Trump-bashing has become a tradition in broadcast news, with anchors, correspondents and pundits supplying near non-stop negative coverage of President Trump and his administration. The coverage has been, on average, 90% negative according to a series of studies by the Media Research Center.

These days, the Democratic presidential hopefuls are paying a price for this obsession. Networks’ “fixation on Trump” is leaving comparatively little airtime for his would-be presidential challengers, the conservative press watch dog says in a new analysis released Monday.
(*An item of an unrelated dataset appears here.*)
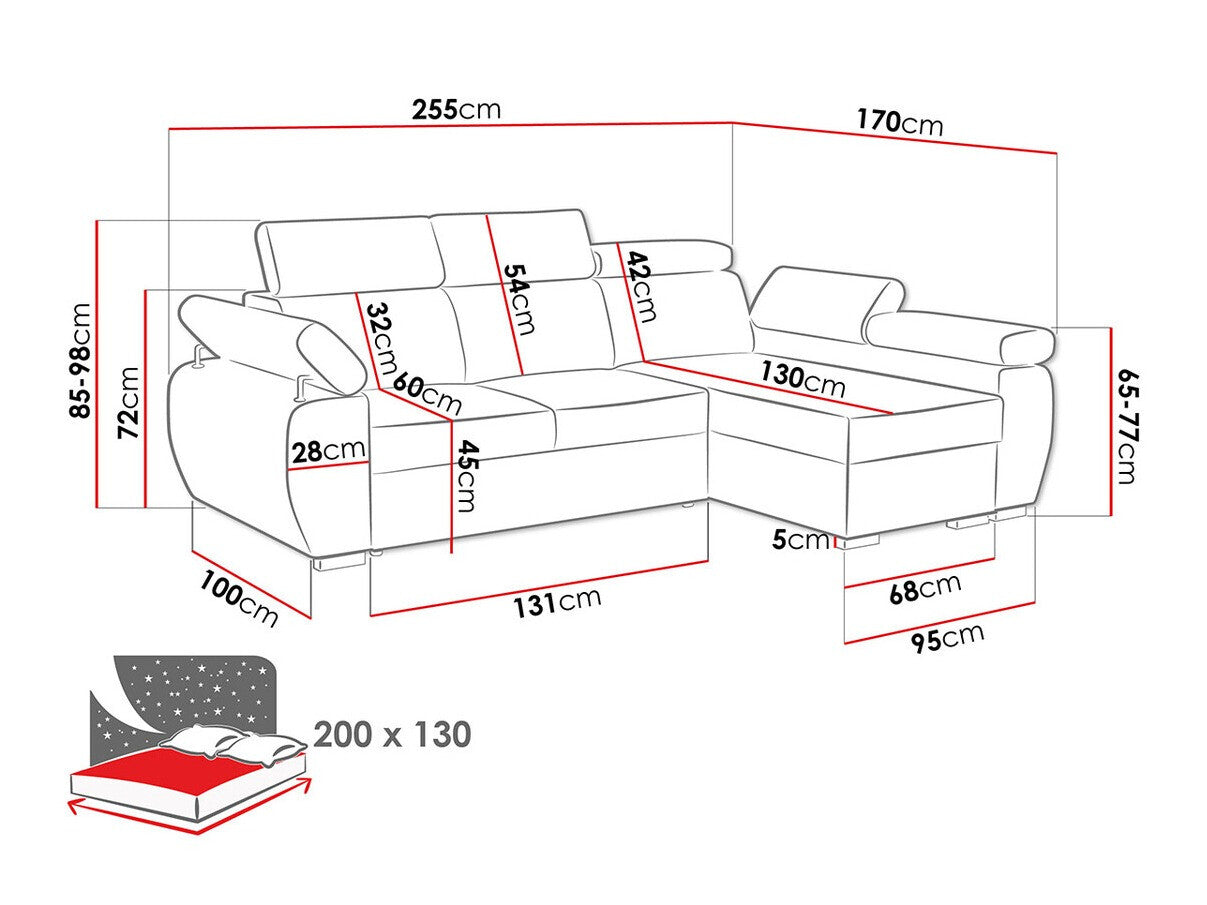 Sarokkanapé Boston 2RLC (Giza Mini), Szín: Kronos 22, Változatok: Balos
“From June 1 through August 31, analysts found the networks devoted 838 minutes of airtime — nearly 14 hours — to coverage of President Trump personally, the vast majority of which was negative,” writes Rich Noyes, who led the study.

“The airtime devoted to Trump was eleven times greater than that spent on the leading Democratic candidate, former Vice President Joe Biden (just under 74 minutes), and vastly more than the networks gave California Senator Kamala Harris (30 minutes), South Bend Mayor Pete Buttigieg (15 minutes) or Massachusetts Senator Elizabeth Warren (just under 14 minutes),” Mr. Noyes said.
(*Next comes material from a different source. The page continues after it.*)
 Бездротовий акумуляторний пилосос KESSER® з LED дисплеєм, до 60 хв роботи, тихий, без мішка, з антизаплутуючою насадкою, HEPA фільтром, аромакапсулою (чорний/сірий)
“Overall, 21 Democratic candidates (including some who have since departed the race) shared 187 minutes of evening news airtime this summer, less than one-fourth of that of Trump alone,” he continued.



“On the GOP side, former Congressman Joe Walsh received a scant 35 seconds of coverage after he announced his candidacy in late August, while the campaign of former Massachusetts Governor William Weld has yet to be acknowledged by any of the three evening newscasts.”

The coverage, Mr. Noyes explains, is not meant to help Mr. Trump, with the content dwelling on “alleged scandals and racism” for the most part.

“The media mania over Trump is more intense than that of four summers ago, but the pattern is similar. After Trump joined the race in mid-June 2015, he immediately dominated network news coverage with 232 minutes of airtime, twice that of the leading Democrat, Hillary Clinton, and six times more than his nearest Republican challenger, Jeb Bush,” Mr. Noyes said.